Azure App Service is a powerful web application hosting platform. Azure Functions, built on top of the App Service infrastructure, enables you to easily build serverless and event-driven compute workloads. Both services are frequently used in multitenant solutions.
Features of Azure App Service and Azure Functions that support multitenancy
Azure App Service and Azure Functions include many features that support multitenancy.
Custom domain names
Azure App Service enables you to use wildcard DNS and to add your own wildcard TLS certificates. When you use tenant-specific subdomains, wildcard DNS and TLS certificates enable you to easily scale your solution to a large number of tenants, without requiring a manual reconfiguration for each new tenant.
When you use tenant-specific custom domain names, you might have a large number of custom domain names that need to be added to your app.
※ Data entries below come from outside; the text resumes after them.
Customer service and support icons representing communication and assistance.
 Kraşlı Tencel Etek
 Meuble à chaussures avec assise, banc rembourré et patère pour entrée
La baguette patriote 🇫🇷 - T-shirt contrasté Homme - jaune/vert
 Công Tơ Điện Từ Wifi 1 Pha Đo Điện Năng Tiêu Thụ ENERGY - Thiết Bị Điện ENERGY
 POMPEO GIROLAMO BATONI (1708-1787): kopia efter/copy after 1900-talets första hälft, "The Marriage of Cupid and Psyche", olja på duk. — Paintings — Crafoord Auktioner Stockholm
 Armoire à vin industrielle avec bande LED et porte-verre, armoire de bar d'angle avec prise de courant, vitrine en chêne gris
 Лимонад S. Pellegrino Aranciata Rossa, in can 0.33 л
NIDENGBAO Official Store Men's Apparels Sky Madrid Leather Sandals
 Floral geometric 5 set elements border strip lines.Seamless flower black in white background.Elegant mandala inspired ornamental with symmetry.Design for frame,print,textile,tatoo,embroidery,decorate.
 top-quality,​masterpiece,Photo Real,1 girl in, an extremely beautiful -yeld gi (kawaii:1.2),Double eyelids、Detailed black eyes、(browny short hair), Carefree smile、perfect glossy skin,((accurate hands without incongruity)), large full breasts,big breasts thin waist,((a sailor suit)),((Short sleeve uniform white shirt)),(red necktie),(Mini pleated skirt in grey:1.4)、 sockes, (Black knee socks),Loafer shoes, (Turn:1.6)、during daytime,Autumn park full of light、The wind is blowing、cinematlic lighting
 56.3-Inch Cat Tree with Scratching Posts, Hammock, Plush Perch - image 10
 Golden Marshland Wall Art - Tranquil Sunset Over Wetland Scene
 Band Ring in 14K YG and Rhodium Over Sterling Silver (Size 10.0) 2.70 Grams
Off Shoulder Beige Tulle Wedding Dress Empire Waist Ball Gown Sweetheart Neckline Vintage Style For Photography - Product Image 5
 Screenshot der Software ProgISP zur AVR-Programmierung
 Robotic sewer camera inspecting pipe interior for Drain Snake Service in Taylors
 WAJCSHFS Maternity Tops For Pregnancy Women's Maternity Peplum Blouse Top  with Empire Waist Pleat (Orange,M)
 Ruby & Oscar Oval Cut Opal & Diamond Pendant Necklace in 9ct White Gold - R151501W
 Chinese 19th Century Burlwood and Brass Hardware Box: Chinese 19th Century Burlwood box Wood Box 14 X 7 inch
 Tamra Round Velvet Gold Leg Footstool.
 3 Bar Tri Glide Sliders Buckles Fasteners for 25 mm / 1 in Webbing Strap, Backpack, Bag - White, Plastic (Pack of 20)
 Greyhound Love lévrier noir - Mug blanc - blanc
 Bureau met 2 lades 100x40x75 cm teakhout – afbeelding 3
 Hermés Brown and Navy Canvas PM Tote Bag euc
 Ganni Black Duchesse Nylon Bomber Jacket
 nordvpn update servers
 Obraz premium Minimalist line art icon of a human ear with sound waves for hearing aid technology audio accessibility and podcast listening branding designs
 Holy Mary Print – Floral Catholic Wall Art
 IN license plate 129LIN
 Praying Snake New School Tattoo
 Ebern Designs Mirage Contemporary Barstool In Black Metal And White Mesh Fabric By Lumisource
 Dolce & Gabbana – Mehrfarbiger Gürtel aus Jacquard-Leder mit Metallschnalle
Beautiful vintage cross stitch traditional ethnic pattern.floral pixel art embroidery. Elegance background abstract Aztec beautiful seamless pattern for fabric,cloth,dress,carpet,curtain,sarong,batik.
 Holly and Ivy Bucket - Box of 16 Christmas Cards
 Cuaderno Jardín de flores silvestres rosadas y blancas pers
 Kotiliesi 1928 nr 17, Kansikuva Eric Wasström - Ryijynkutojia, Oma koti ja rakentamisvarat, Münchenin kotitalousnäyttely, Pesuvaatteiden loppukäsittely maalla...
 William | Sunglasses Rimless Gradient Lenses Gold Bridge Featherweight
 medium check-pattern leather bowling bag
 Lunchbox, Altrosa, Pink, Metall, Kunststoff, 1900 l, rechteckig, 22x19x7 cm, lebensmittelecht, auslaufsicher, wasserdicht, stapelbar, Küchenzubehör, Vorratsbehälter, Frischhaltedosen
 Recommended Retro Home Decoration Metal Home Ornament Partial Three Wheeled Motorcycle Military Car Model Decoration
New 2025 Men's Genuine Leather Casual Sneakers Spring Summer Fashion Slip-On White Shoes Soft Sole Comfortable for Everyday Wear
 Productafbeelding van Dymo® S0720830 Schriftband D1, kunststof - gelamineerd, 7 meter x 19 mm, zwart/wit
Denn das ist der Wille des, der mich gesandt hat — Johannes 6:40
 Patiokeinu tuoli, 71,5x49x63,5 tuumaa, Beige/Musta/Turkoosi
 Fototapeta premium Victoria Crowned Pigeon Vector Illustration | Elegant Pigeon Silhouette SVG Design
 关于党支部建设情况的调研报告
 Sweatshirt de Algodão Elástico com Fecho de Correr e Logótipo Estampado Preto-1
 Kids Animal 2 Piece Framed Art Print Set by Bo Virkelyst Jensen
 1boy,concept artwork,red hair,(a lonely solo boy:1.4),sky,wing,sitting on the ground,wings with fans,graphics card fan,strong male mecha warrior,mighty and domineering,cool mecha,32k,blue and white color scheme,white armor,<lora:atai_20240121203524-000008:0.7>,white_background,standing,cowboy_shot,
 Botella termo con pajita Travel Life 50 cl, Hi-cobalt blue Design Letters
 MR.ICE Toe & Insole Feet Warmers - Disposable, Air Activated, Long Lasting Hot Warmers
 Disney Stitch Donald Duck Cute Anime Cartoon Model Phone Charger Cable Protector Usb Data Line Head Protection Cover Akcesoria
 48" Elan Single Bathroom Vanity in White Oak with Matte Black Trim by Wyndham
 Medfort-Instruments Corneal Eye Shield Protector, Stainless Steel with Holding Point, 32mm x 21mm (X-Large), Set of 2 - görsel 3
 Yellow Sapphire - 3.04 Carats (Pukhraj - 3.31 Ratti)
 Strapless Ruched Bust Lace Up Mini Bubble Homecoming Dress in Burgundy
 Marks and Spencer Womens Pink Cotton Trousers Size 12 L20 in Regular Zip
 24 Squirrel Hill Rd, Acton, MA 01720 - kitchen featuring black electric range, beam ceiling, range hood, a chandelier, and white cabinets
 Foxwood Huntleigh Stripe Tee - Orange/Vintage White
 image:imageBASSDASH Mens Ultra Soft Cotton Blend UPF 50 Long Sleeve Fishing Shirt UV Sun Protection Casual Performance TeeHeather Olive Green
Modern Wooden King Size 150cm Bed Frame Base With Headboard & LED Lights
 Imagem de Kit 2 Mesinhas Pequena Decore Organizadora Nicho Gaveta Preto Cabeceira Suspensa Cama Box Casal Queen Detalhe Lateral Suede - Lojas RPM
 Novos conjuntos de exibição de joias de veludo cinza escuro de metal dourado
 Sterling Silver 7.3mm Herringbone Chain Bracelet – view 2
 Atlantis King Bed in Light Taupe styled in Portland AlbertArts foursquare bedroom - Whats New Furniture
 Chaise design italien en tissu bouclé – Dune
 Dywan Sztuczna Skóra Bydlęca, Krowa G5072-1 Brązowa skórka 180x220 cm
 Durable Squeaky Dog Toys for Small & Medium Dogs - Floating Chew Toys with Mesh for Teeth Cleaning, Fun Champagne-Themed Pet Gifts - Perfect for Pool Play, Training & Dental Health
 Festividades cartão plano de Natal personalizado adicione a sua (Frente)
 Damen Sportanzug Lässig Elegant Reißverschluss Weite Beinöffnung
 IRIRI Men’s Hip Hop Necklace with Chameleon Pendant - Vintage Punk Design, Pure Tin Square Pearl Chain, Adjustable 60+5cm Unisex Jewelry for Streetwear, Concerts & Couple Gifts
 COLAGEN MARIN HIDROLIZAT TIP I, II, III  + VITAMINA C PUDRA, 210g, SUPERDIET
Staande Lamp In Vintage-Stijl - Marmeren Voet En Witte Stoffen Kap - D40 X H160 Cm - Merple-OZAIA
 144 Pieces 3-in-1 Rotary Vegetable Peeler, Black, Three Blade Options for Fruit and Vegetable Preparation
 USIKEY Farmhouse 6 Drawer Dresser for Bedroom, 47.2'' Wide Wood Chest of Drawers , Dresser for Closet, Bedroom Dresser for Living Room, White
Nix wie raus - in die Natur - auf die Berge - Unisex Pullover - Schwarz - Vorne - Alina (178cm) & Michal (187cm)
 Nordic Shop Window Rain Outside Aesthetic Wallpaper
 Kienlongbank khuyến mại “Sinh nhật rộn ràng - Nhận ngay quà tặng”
It can become cumbersome to manage a lot of custom domain names, especially when they require individual TLS certificates. App Service provides managed TLS certificates, which reduces the work required when you work with custom domains. However, there are limits to consider, such as how many custom domains can be applied to a single app.
Integration with Azure Front Door
App Service and Azure Functions integrate with Azure Front Door, to act as the internet-facing component of your solution. Azure Front Door enables you to add a web application firewall (WAF) and edge caching, and it provides other performance optimizations. You can easily reconfigure your traffic flows to direct traffic to different backends, based on changing business or technical requirements.
When you use Azure Front Door with a multitenant app, you can use it to manage your custom domain names and to terminate your TLS connections. Your App Service application is then configured with a single hostname, and all traffic flows through to that application, which helps you avoid managing custom domain names in multiple places.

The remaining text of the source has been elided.